ヘッダ

ヘッダ

ネットワーク階層では、各階層で使用されるヘッダの種類が異なります。以下に、主要なネットワーク階層で使用されるヘッダの種類を説明します。

  1. 物理層 物理層では、データをビット単位で転送するため、フレームにヘッダが存在しません。
  2. データリンク層 データリンク層では、フレームに以下のようなヘッダが含まれます。
  • フレーム開始識別子(SFD): フレームの開始を示す識別子。
  • 宛先MACアドレス: フレームの宛先となるネットワークインターフェースのMACアドレス。
  • 送信元MACアドレス: フレームの送信元となるネットワークインターフェースのMACアドレス。
  • プロトコルタイプ: 上位層で使用されるプロトコルを示す種類識別子。
  • データ: 上位層で送信されるデータ本体。
  1. ネットワーク層 ネットワーク層では、パケットに以下のようなヘッダが含まれます。
  • バージョン: IPプロトコルのバージョンを示す値。
  • ヘッダ長: IPヘッダの長さを示す値。
  • サービスタイプ: IPパケットのサービスタイプを示す値。
  • パケット全体長: ヘッダとデータを含めたIPパケットの全体長を示す値。
  • 識別子: パケットの識別子。
  • フラグ: IPパケットのフラグ情報を示す値。
  • TTL: パケットの有効期限を示す値。
  • プロトコル: 上位層で使用されるプロトコルを示す値。
  • 送信元IPアドレス: パケットの送信元となるIPアドレス。
  • 宛先IPアドレス: パケットの宛先となるIPアドレス。
  1. トランスポート層 トランスポート層では、セグメントやデータグラムに以下のようなヘッダが含まれます。

TCPヘッダには、以下のような情報が含まれます。

  • 送信元ポート番号
  • 宛先ポート番号
  • シーケンス番号
  • 確認応答番号
  • ヘッダ長、オプションの有無を示すフラグ
  • ウィンドウサイズ
  • チェックサム
  • 緊急ポインタ

UDPヘッダには、以下のような情報が含まれます。

  • 送信元ポート番号
  • 宛先ポート番号
  • データグラム長
  • チェックサム

 最後に、アプリケーション層におけるヘッダについて説明します。
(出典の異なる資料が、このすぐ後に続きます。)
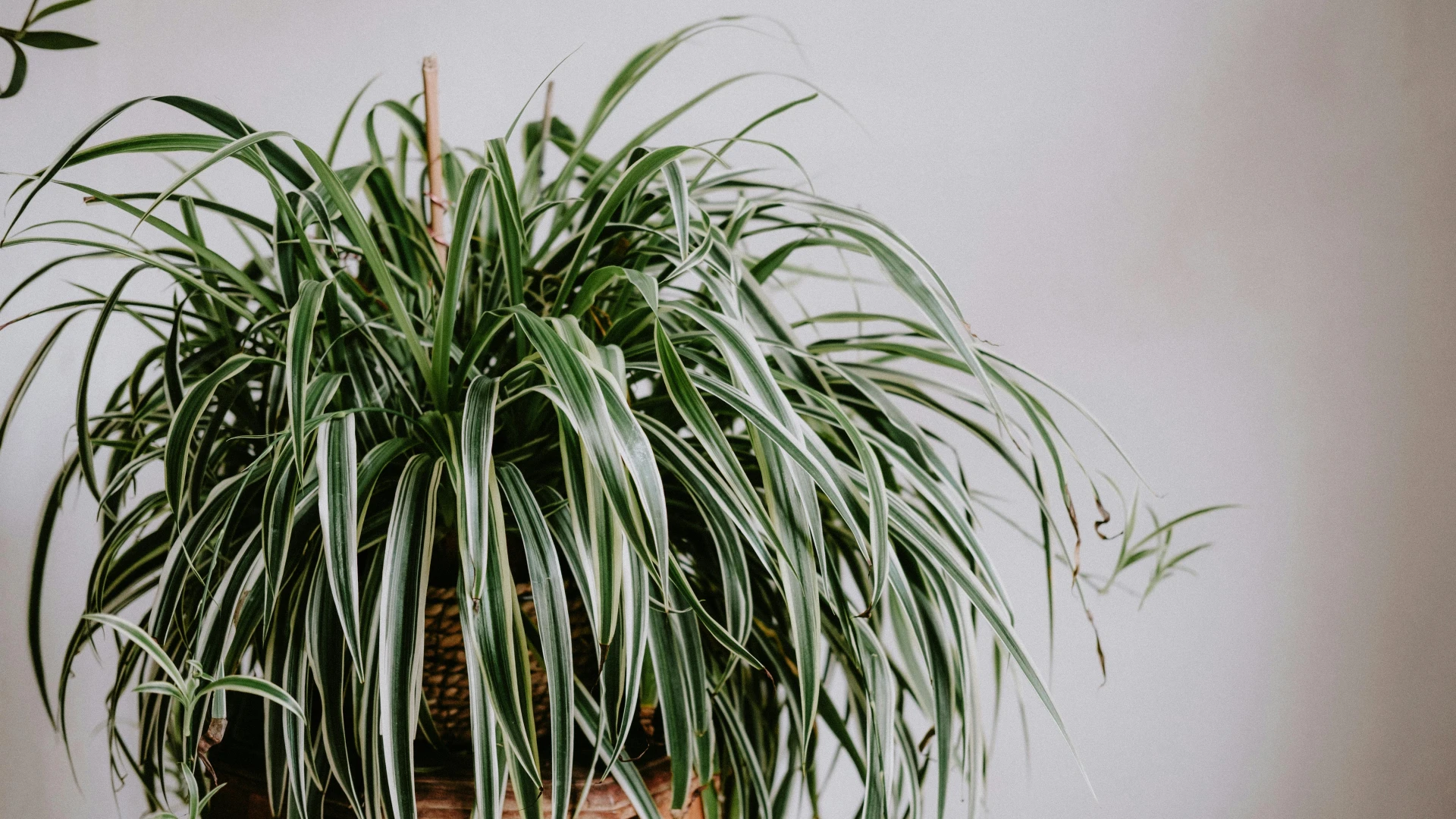 Jak množit a pěstovat zelenec a proč ho mít doma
アプリケーション層には様々なプロトコルがありますが、代表的なHTTPプロトコルにおけるヘッダには、以下のような情報が含まれます。

HTTPプロトコルにおけるリクエストヘッダには、以下のような情報が含まれます。

  • Accept:クライアントが受け入れ可能なコンテンツタイプ
  • Accept-Encoding:クライアントが受け入れ可能な圧縮方式
  • Accept-Language:クライアントが受け入れ可能な言語
  • Connection:HTTPコネクションの種類
  • Cookie:クライアントからサーバに送信されるCookie
  • Host:リクエストされたリソースのホスト名とポート番号
  • User-Agent:クライアントの情報(ブラウザの種類やバージョンなど)
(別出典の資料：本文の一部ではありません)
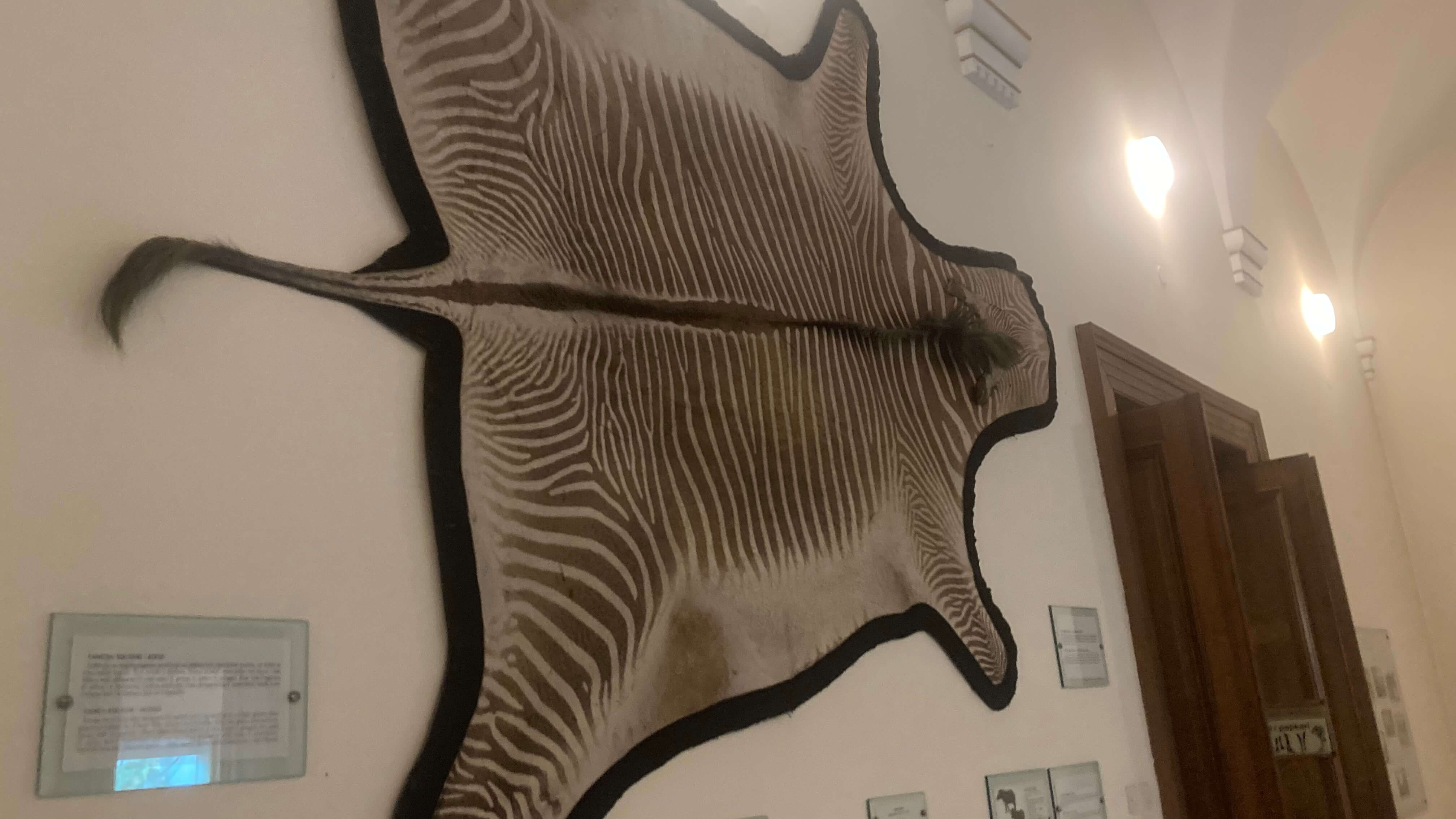 Flattened Zebra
HTTPプロトコルにおけるレスポンスヘッダには、以下のような情報が含まれます。

  • Content-Type:レスポンスのコンテンツタイプ
  • Content-Length:レスポンスのコンテンツ長
  • Server:サーバの情報(ソフトウェア名やバージョンなど)
  • Set-Cookie:サーバからクライアントに送信されるCookie

 これらのヘッダに含まれる情報は、クライアントとサーバの通信に必要な情報であり、適切に設定されることで通信の効率やセキュリティが向上します。